§ **ASSIGNMENT**:
Your answer must be the exact lines from the one with "Show de Luanzinho" to the end of the data, both included, with no pictures.

§ **MATERIAL PROVIDED**:
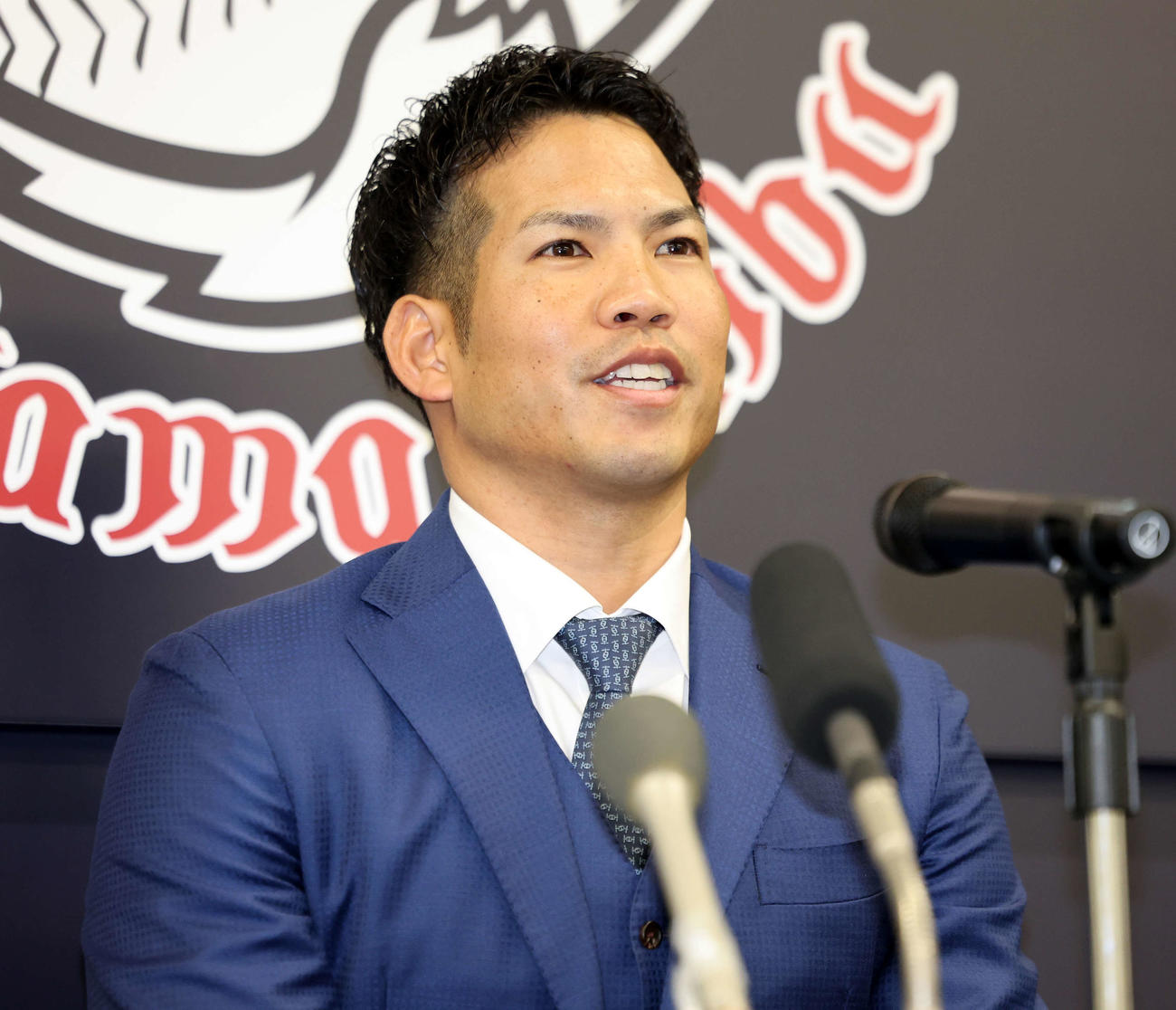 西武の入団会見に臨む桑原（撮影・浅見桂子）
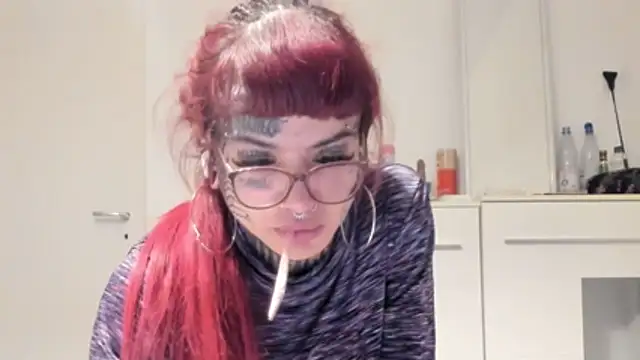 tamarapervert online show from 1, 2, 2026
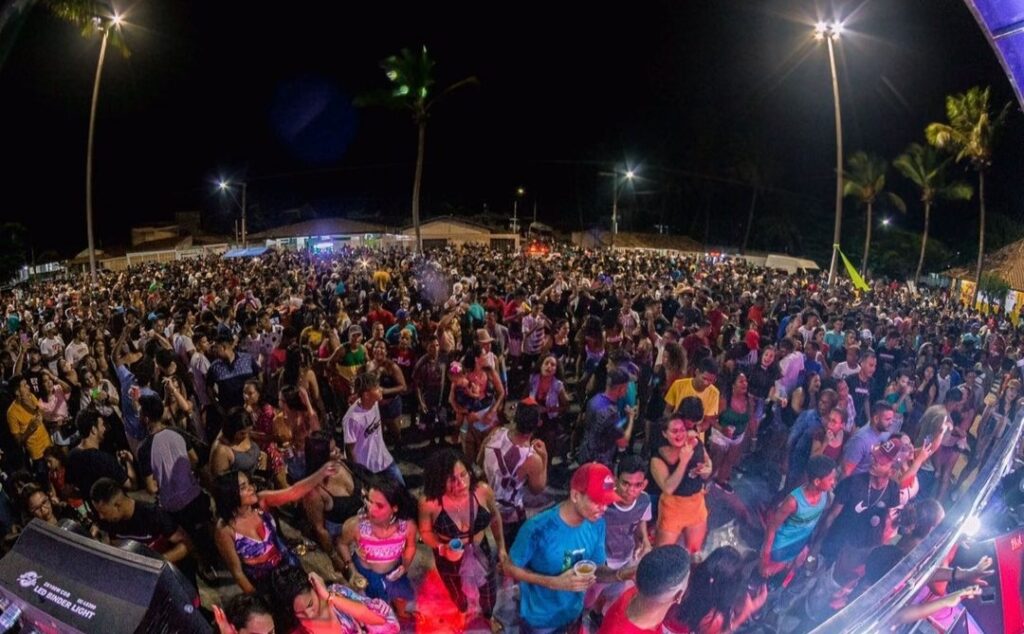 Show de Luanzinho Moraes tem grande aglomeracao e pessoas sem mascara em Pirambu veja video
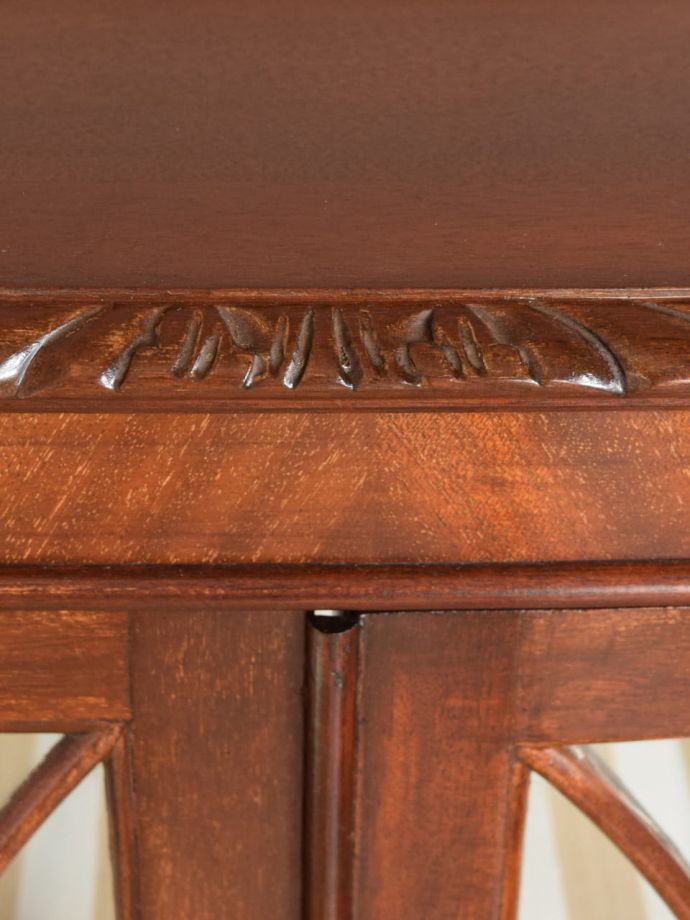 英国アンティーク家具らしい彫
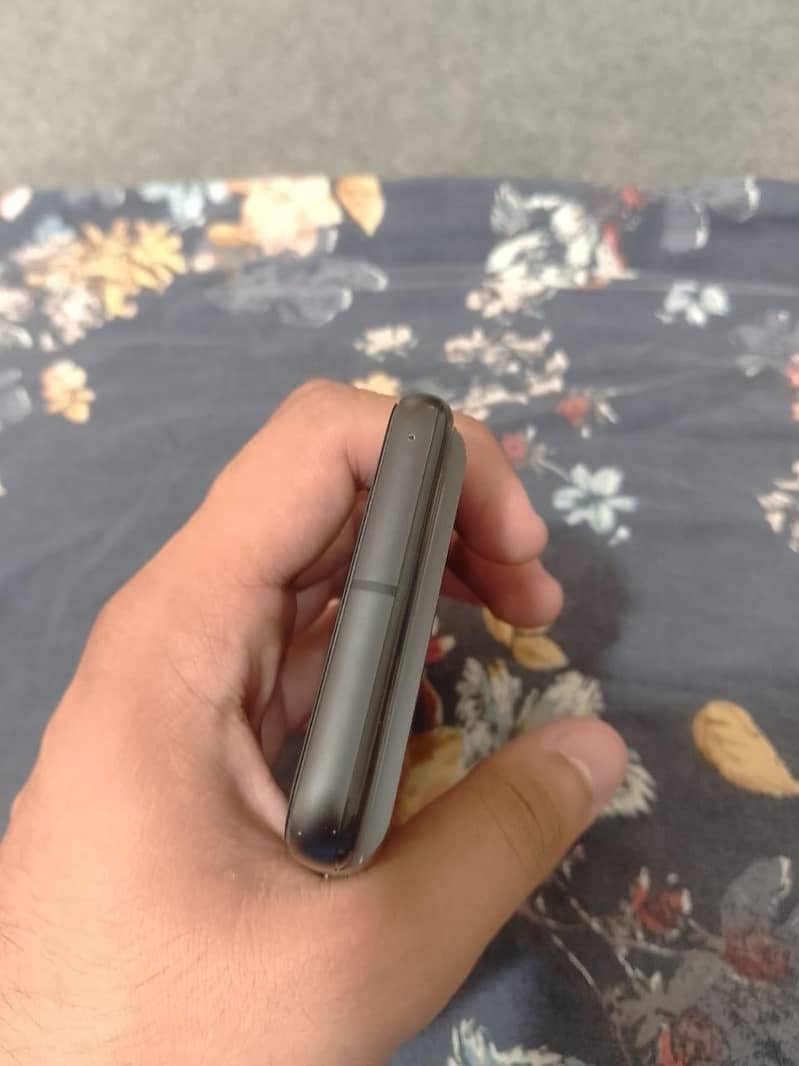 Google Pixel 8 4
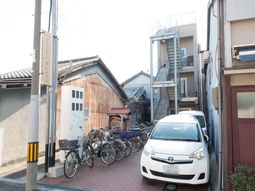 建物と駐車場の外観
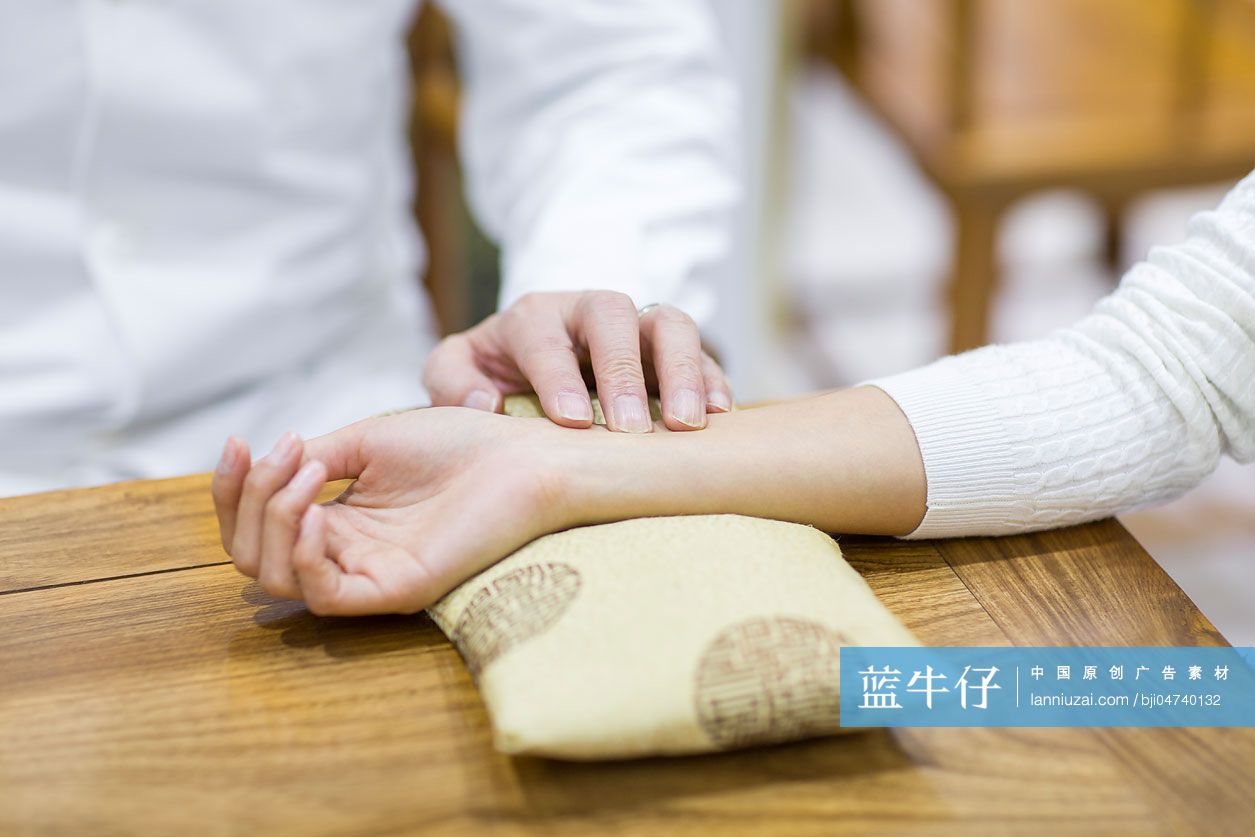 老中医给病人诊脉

§ **EXPECTED ANSWER**:
 Show de Luanzinho Moraes tem grande aglomeracao e pessoas sem mascara em Pirambu veja video
 英国アンティーク家具らしい彫
 Google Pixel 8 4
 建物と駐車場の外観
 老中医给病人诊脉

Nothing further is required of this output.